Andrew Jackson's presidency eventually brought hard times for the nation due to his demagoguery, but it immediately ended Wirt's attorney generalship on March 4, 1829, the day Jackson became president. Wirt continued serving the nation in private practice as he challenged President Jackson and his Democratic Congress.
Chief John Ross and a delegation of Cherokee Indians, at the urging of Webster, selected Wirt to defend Cherokee rights before the U.S. Supreme Court in Cherokee Nation v. Georgia. The Cherokee had sided with the British in the Revolutionary War, and they owned valuable land that white people wanted. President Jefferson was the first to propose seizing their land, marching the Cherokee people to the Mississippi, and making them live west of that great river.
Under Jackson, the removal of the Cherokee, Muscogee or Creek, Seminole, Chickasaw, and Choctaw nations became a priority. In 1830, his second year in office, the Indian Removal Act of 1830 called for forcing these five tribes to relocate to Oklahoma, then known as the Indian territory. This act broke previous treaties with each tribe. That each tribe was located in the Deep South, and Southerners wanted their lands so the Southerners could have slaves plant cotton. That the Choctaw had fought alongside Jackson in the Battle of New Orleans, which made him a national hero, tells the reader all he needs to know about the character of our eighth president.
In 1831, the U.S. Supreme Court ruled that the Cherokee could not sue Georgia.
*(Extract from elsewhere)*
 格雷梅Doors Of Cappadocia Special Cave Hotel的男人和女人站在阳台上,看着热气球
But in writing that decision, Chief Justice John Marshall telegraphed that the court would hear the case if someone else challenged Georgia. The Cherokee found that someone in Samuel Worcester, a Christian missionary who was born on January 19, 1798, in Worcester, Massachusetts, a seventh generation pastor going back to when the family resided in England. He truly believed in the Bible and in the rights of the Cherokee. He defied the Georgia law that required any non-Cherokee living on Cherokee land be licensed by the state.
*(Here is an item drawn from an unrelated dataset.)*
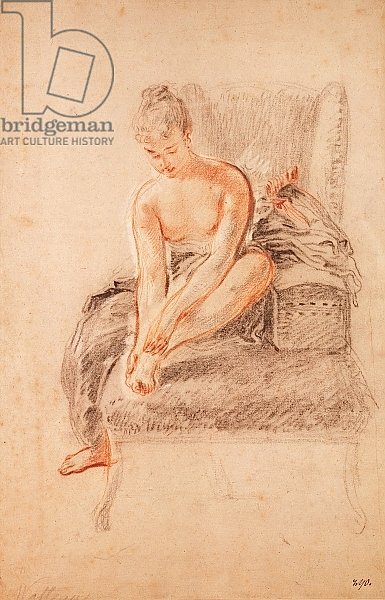 Semi-nude woman seated on a chaise longue, holding her foot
Which led to the Worcester v. Georgia case. This time, Wirt prevailed.
However the case had no impact on the fate of the Indians. Oh, the court ruled that the Cherokee were a sovereign people to some extent, but the removal of Indians from what became the Confederate States continued as President Jackson and his successor, President Van Buren, marched the Indians away in the Trail of Tears, a march as cruel as the Japanese Bataan Death March a century later. The U.S. government marched the Choctaw out of Mississippi, Florida, Alabama, and Louisiana in 1831; the Seminoles from Florida in 1832; the Muscogee or Creek from Alabama, Georgia, and Florida in 1834; the Chickasaw from Mississippi, Alabama, and Tennessee in 1837; and the Cherokee from Georgia, Tennessee, North Carolina and South Carolina.
This is another side of the evil of slavery that goes largely unacknowledged today. The government removed the Indians to allow white plantation owners to send in black slaves to till the soil and turn forests into cotton fields
However, that is not the fault of William Wirt. He did his best in a time when white people consider people of other races chattel in America. He was a fine attorney general because he represented the people first, the politicians last.
In 1832, the Anti-Masonic Party nominated him for president, which was odd as he was a Freemason and had no problem with the organization. Nevertheless, he carried Vermont, receiving 7 votes in the Electoral College. His running mate was Amos Ellmaker, an original incorporator of the Pennsylvania Railroad.
Two years later, Wirt died at age 62. Nearly two centuries later, the rest of the country may have forgotten him, but not the 5,845 West Virginians who call Wirt County home, including the 823 residents of Elizabeth.